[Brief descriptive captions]
========================================
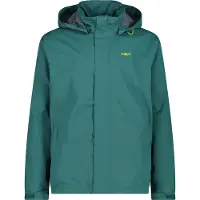 CMP Herren Jacke Jacket Snaps Hood Türkis 52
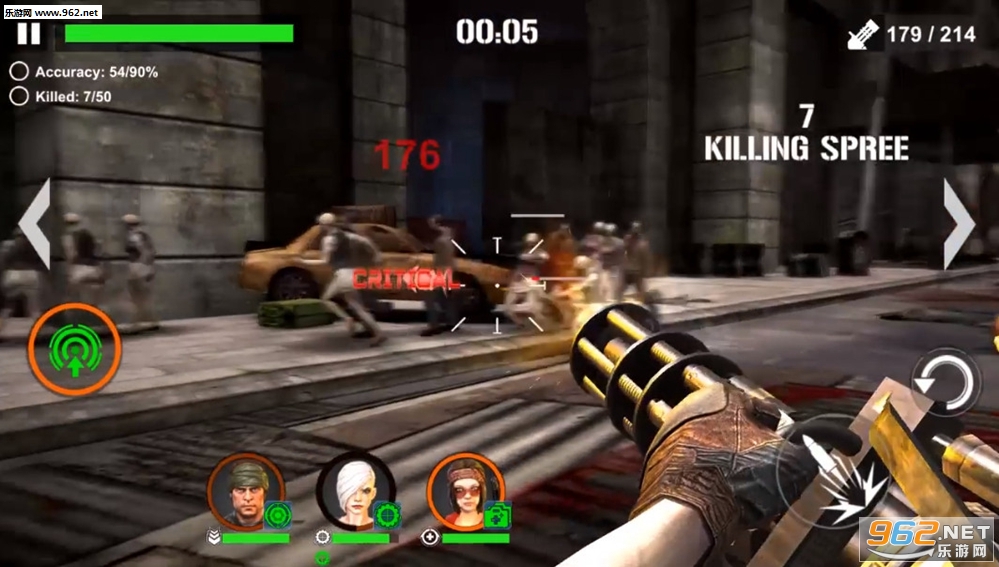 死亡战争僵尸最新破解版v2.13.46 无敌版截图0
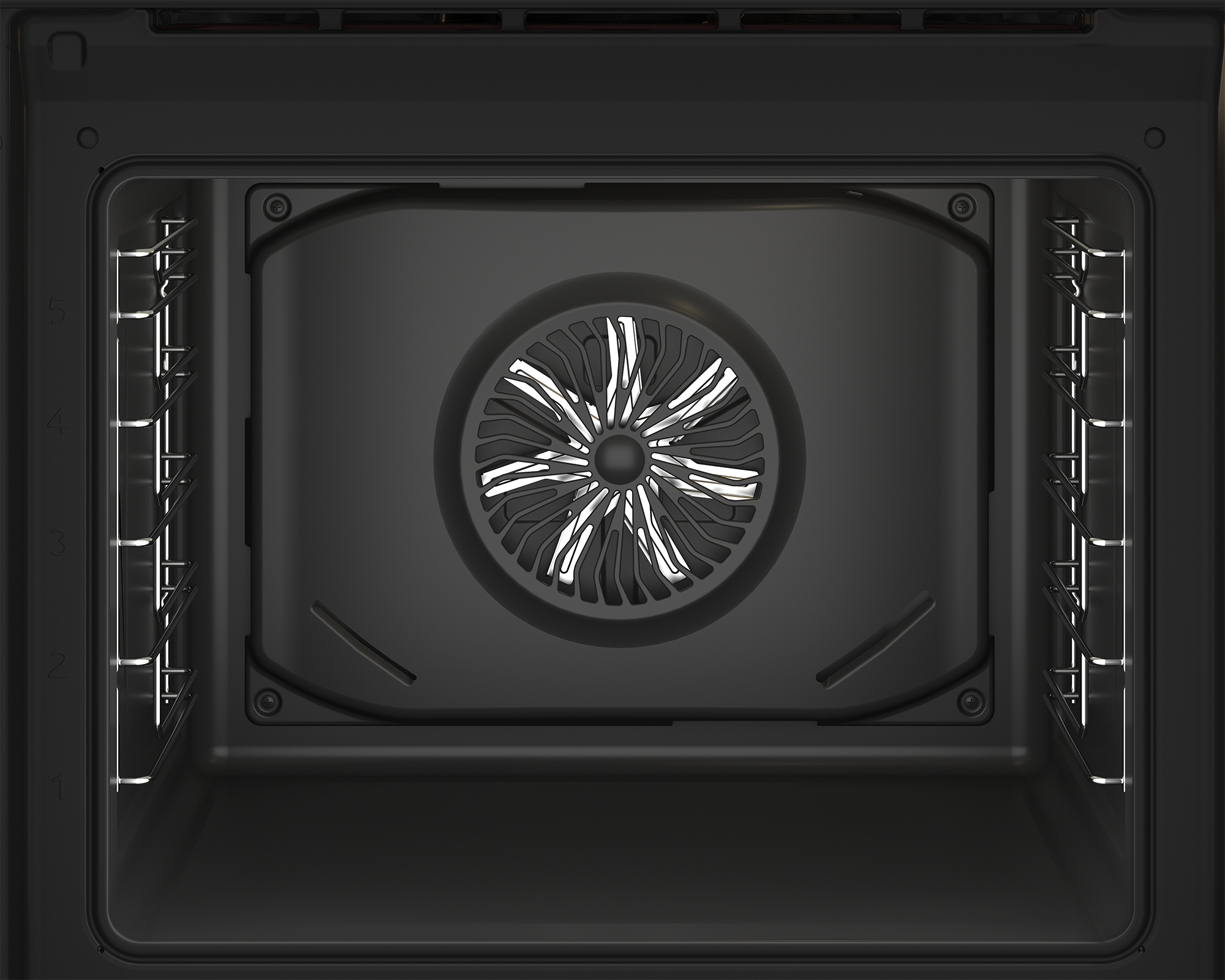 Conjunto Placa Vitrocerâmica + Forno Beko BBSM12320X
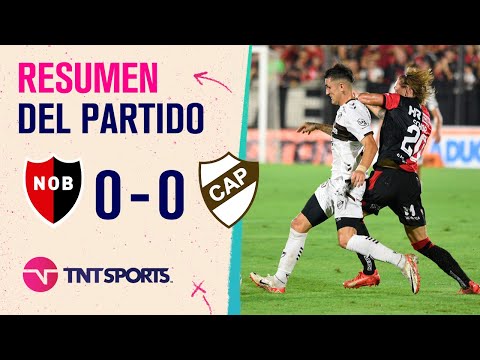La Lepra y el Calamar no se sacaron ventaja en Rosario | #Newells 0-0 #Platense | Resumen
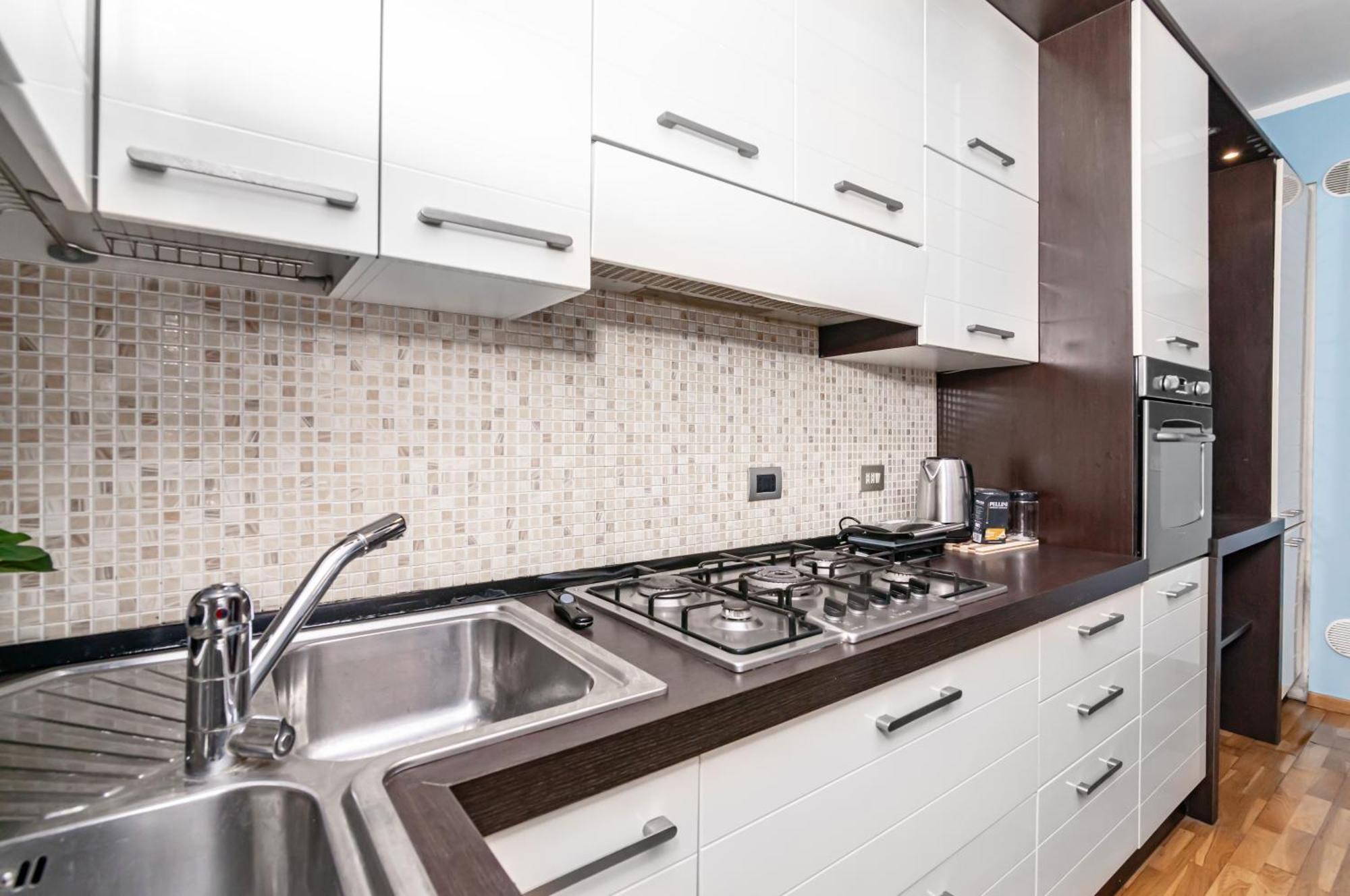 Into The Blu With Private Parking! Apartamento
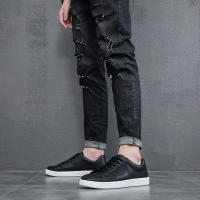 Men Shoes Sneakers Male Tenis Luxury Shoes Mens Casual Shoes Men's Shoes Fashion Leather Four Seasons Kateboarding Shoes For Men - details 7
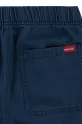 Levi's pantaloni de bumbac pentru copii LOOSE FIT PULL-ON PANTS bleumarin 9EL221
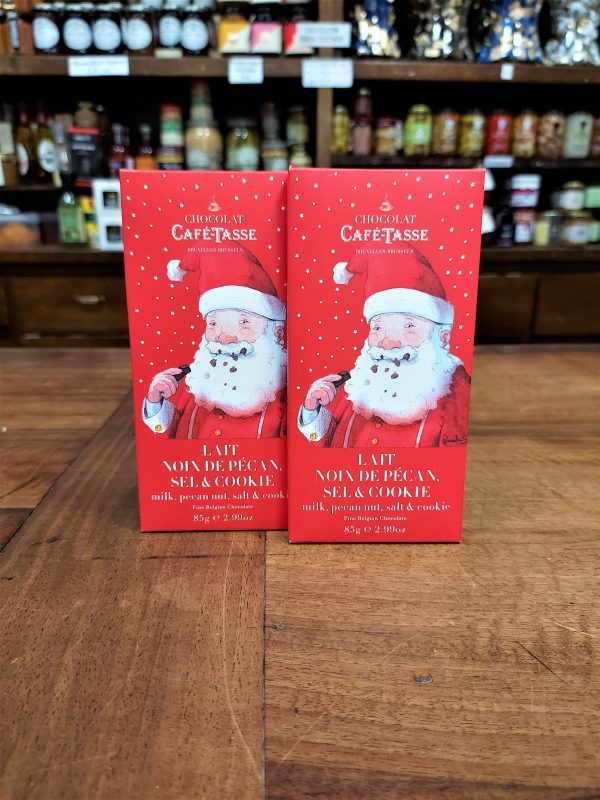 TAVOLETTA NOEL LATTE CON NOCE PECAN E SALE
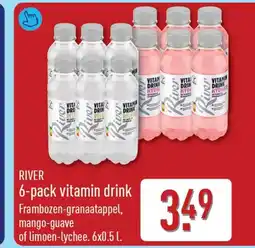 ALDI River vitamin drink aanbieding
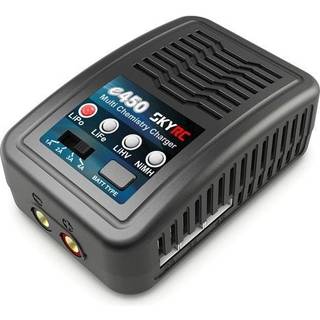 SkyRc E450 LiPo/Life/NiMh Lader 2-4S 50W 220V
========================================
Leave every picture out and copy precisely the lines from the one containing "ALDI River vitamin drink aanbieding" through the last line of the data above, both ends included.

▸ **Answer box**
 ALDI River vitamin drink aanbieding
 SkyRc E450 LiPo/Life/NiMh Lader 2-4S 50W 220V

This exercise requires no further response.